The problem: Every line of the material below is to be printed again exactly.

Data provided:
'''

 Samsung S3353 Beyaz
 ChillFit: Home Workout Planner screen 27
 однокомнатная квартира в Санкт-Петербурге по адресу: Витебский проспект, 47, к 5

'''

Response:
 Samsung S3353 Beyaz
 ChillFit: Home Workout Planner screen 27
 однокомнатная квартира в Санкт-Петербурге по адресу: Витебский проспект, 47, к 5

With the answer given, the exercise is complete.